> RECORDS PROVIDED:
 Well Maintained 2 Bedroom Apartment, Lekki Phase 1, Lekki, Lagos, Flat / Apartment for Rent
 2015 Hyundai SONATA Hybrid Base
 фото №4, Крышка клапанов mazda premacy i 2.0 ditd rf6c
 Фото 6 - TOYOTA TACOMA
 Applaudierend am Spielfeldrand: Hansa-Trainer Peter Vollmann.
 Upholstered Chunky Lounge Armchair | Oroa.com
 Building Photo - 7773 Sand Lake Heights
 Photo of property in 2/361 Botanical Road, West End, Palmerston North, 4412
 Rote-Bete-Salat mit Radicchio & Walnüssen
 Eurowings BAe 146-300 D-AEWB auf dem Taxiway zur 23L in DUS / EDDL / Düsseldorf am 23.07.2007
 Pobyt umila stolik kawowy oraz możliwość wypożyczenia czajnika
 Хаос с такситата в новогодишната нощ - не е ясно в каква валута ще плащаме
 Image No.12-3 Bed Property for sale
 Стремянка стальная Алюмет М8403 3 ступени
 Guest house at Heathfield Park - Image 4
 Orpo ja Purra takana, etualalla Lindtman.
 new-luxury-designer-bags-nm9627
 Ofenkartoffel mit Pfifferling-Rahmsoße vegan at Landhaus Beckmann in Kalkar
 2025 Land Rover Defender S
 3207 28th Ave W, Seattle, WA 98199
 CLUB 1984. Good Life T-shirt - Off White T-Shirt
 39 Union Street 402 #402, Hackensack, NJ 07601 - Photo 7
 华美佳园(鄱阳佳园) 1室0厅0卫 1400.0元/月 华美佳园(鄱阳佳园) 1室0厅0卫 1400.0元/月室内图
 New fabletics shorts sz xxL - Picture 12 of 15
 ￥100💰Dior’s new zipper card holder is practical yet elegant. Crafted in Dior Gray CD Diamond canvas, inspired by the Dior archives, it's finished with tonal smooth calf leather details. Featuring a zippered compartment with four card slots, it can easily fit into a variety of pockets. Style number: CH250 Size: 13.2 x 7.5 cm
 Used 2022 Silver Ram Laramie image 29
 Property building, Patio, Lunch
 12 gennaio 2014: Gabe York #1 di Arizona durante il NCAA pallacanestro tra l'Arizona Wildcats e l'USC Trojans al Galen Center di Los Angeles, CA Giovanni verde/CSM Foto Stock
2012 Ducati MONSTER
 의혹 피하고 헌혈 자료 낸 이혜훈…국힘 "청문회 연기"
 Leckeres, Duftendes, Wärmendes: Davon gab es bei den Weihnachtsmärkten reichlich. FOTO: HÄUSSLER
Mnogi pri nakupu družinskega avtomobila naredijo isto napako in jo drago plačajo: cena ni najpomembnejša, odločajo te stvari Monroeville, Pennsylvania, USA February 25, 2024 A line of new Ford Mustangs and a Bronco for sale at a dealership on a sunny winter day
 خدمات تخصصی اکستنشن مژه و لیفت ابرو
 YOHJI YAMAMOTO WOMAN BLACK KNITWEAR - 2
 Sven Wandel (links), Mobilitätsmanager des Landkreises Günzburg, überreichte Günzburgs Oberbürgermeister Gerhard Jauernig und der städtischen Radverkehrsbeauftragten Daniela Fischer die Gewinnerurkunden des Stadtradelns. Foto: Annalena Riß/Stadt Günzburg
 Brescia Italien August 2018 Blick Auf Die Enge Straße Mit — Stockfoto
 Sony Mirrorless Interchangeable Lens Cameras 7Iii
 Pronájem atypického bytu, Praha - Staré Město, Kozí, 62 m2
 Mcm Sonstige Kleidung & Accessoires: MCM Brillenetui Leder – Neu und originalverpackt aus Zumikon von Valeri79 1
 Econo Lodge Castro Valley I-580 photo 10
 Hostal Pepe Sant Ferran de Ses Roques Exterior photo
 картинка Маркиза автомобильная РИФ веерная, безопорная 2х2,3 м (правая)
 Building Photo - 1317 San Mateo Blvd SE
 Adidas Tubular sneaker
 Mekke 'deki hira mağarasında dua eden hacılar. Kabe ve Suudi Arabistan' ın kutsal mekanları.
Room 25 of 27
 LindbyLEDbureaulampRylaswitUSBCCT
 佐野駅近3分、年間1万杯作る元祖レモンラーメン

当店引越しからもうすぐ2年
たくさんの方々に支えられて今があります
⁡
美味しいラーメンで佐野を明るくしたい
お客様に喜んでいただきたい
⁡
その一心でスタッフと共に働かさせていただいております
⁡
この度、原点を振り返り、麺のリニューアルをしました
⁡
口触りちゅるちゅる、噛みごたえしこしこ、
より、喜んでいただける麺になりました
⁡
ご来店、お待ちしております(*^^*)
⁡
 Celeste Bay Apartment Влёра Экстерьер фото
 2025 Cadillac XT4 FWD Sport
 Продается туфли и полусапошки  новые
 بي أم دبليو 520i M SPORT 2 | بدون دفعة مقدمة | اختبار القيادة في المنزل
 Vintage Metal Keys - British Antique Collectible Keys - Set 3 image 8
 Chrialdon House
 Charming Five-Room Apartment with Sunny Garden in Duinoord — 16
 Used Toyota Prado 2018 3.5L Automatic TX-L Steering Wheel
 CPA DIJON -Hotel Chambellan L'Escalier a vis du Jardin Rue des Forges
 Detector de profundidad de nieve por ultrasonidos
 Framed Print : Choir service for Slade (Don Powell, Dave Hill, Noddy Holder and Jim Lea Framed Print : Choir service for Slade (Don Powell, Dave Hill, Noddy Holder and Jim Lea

> WORK ORDER: Could you reproduce exactly the lines of the entries above, from the one with "Econo Lodge Castro Valley I-580 photo 10" through the one with "Продается туфли и", and nothing else?

> TASK ANSWER:
 Econo Lodge Castro Valley I-580 photo 10
 Hostal Pepe Sant Ferran de Ses Roques Exterior photo
 картинка Маркиза автомобильная РИФ веерная, безопорная 2х2,3 м (правая)
 Building Photo - 1317 San Mateo Blvd SE
 Adidas Tubular sneaker
 Mekke 'deki hira mağarasında dua eden hacılar. Kabe ve Suudi Arabistan' ın kutsal mekanları.
Room 25 of 27
 LindbyLEDbureaulampRylaswitUSBCCT
 佐野駅近3分、年間1万杯作る元祖レモンラーメン

当店引越しからもうすぐ2年
たくさんの方々に支えられて今があります
⁡
美味しいラーメンで佐野を明るくしたい
お客様に喜んでいただきたい
⁡
その一心でスタッフと共に働かさせていただいております
⁡
この度、原点を振り返り、麺のリニューアルをしました
⁡
口触りちゅるちゅる、噛みごたえしこしこ、
より、喜んでいただける麺になりました
⁡
ご来店、お待ちしております(*^^*)
⁡
 Celeste Bay Apartment Влёра Экстерьер фото
 2025 Cadillac XT4 FWD Sport
 Продается туфли и полусапошки  новые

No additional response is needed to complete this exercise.